NYC landlords aren’t big fans of almost-certain-to-be-incoming-mayor Zohran Kwame Mamdani. In particular, Mamdani’s promise to “freeze the rent”. “NYC Developers Gripped by Hysteria After Mamdani’s Sudden Rise” (Wall Street Journal):

New York City’s developers and landlords are in a mad scramble to block from City Hall the socialist who wants to freeze rent.

Mamdani is pushing for a host of housing changes to try to ease costs for renters. While he seems to have softened his stance toward working with private developers more recently, at the top of his list is still a controversial rent freeze on the city’s roughly 1 million rent-stabilized apartments.

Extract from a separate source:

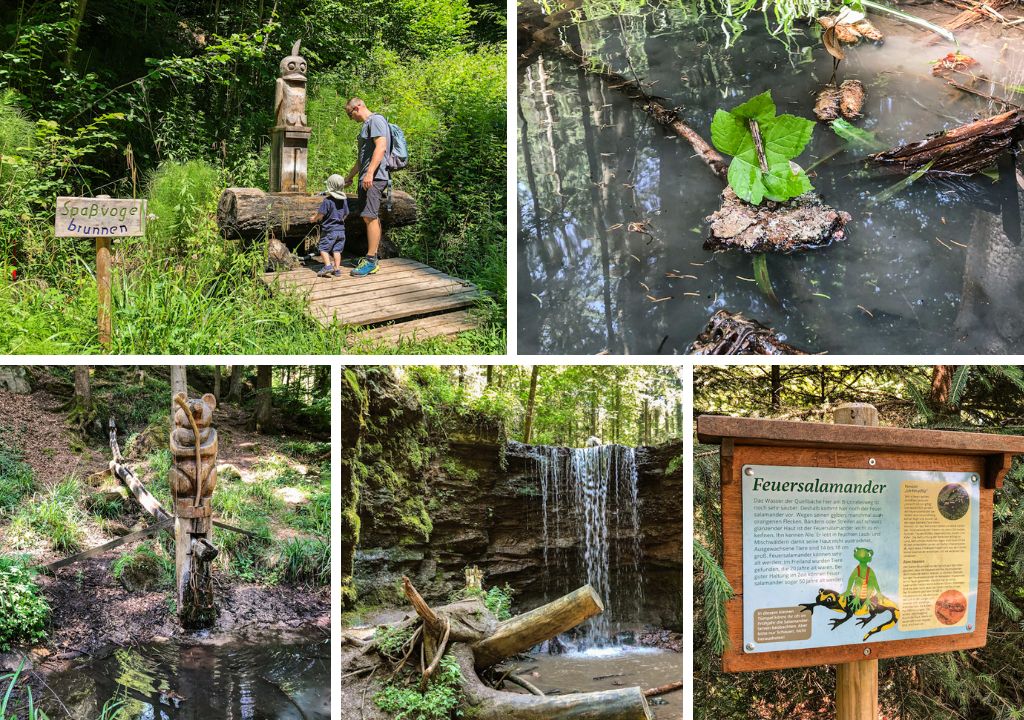 Erlebnisstationen und Brunnen auf dem Brunnelesweg in Murrhardt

I can’t figure out how the U.S. patchwork of government-controlled housing prices meets the Constitution’s Equal Protection clause. American A chooses to refrain from work and lives in public housing and pays $0/month. American B chooses to refrain from work and lives in rent-stabilized or rent-controlled housing and pays whatever housing cost back before 80 million migrants were invited into the U.S. (60 million through 2015). American C chooses to refrain from work and is forced to pay market rates, i.e., fight with over 300 million humans for scraps. What’s “equal” about the government giving these three equally idle humans radically different housing options and prices?

It looks like Mayor Mamdani’s first act, after a huge Queers for Palestine rally, will be to freeze the rent on apartments that are already absurdly cheap compared to the market. But I wonder if that could just be a first step toward government control of all residential rents in New York City. If the government did step in to control rents on all NYC buildings that would be a tremendous step toward the Equal Protection that Americans are supposed to receive from their government.

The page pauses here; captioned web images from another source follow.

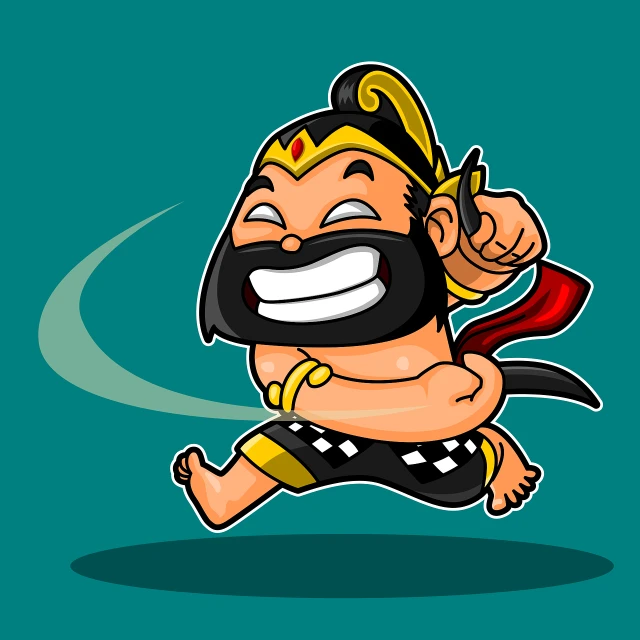 a cartoon character running with a sword in his hand, inspired by Hu Zaobin, samikshavad, asuras giant yaksha statues, big chin, sultan, speed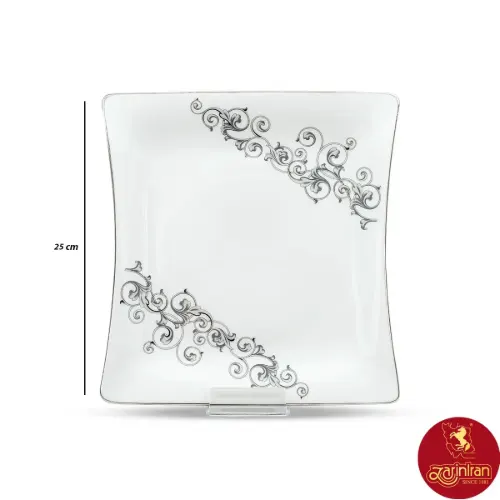 بشقاب تخت چینی زرین وینچی طرح باروک سایز 25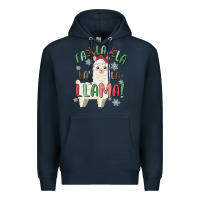 Navy fa la la llama Premium Hoodie - MaliasSmallBusiness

We live in a democracy, otherwise known was “mob rule”. There are way more tenants than landlords. Nearly every American city is divided into those who are blessed by the government with free or cheap rent and those subjected to cruel market forces. Maybe suburban homeowners would feel some sympathy for landlords, but wouldn’t we expect a majority of voters in nearly every city to vote for government-set (low) rents? It seems like the kind of simple decision that voters in Maskachusetts earning less than $1 million/year were asked to make regarding raising tax rates on those earning more than $1 million/year (the constitutional amendment passed and, supposedly, the fatcats didn’t move).

2 thoughts on “Will Zohran Kwame Mamdani eventually restore Constitutional Equal Protection to New Yorkers?

  1. Rent control probably violates the 5th amendment’s taking clause. We have had a few cases make to the supreme court but none have been heard.